• DATA TO USE
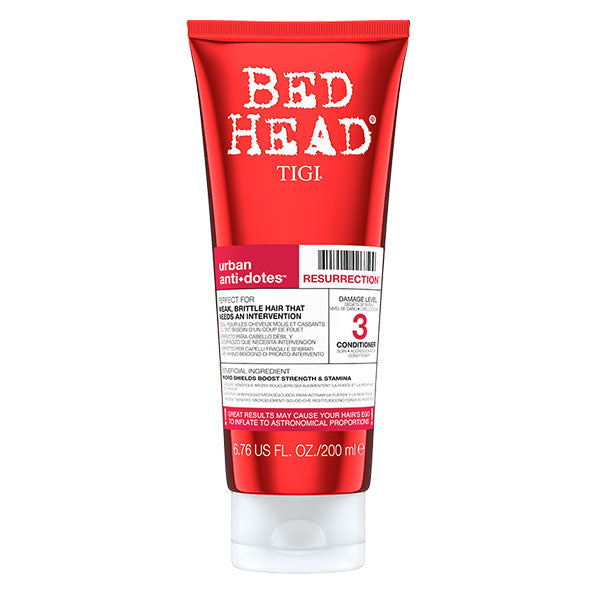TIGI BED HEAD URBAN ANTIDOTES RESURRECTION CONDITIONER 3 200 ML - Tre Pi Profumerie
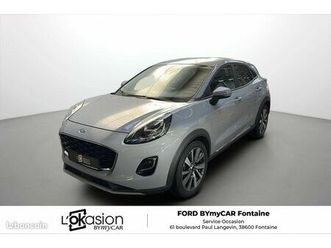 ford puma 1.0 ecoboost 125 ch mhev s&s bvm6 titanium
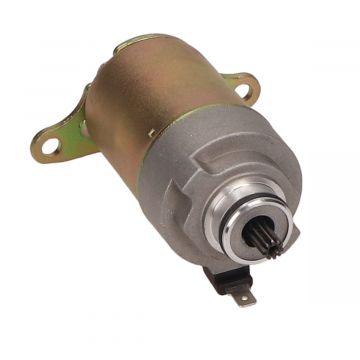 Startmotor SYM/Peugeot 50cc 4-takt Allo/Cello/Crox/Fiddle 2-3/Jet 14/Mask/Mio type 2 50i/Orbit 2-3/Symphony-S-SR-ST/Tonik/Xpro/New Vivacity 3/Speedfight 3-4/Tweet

* * *

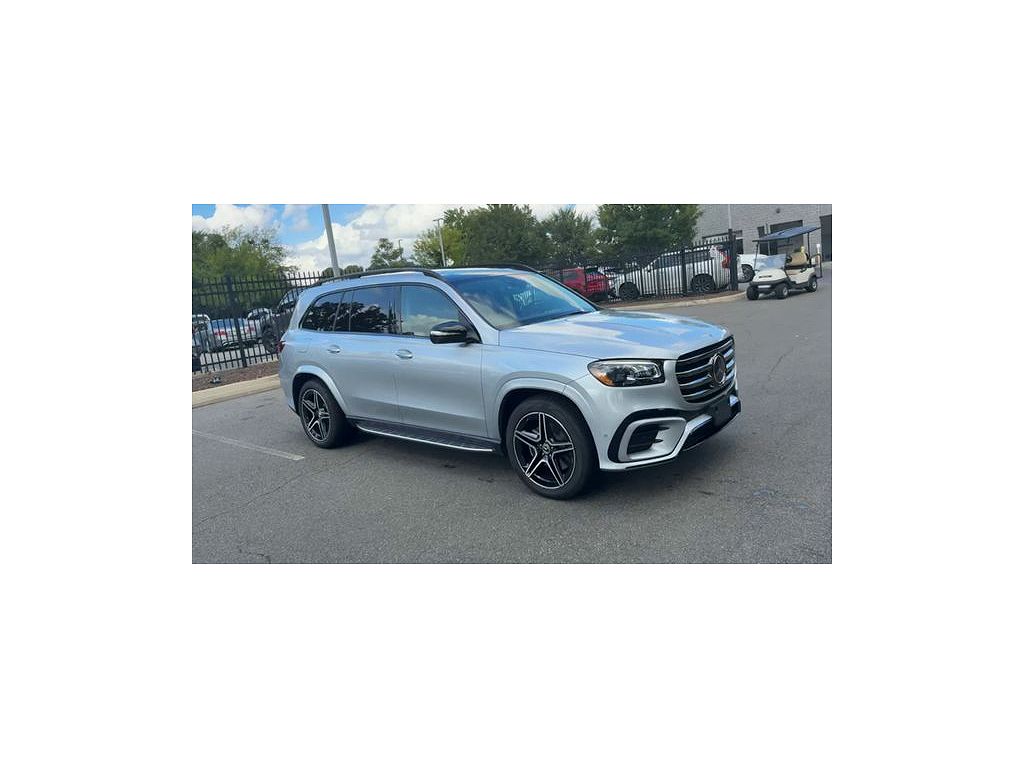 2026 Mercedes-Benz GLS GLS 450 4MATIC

• ASSIGNMENT
Please return the material above only from the line that holds "TIGI BED HEAD" through the line that holds "Startmotor SYM/Peugeot 50cc", exactly as it stands, ends included and pictures omitted.

• EXERCISE RESPONSE
TIGI BED HEAD URBAN ANTIDOTES RESURRECTION CONDITIONER 3 200 ML - Tre Pi Profumerie
 ford puma 1.0 ecoboost 125 ch mhev s&s bvm6 titanium
 Startmotor SYM/Peugeot 50cc 4-takt Allo/Cello/Crox/Fiddle 2-3/Jet 14/Mask/Mio type 2 50i/Orbit 2-3/Symphony-S-SR-ST/Tonik/Xpro/New Vivacity 3/Speedfight 3-4/Tweet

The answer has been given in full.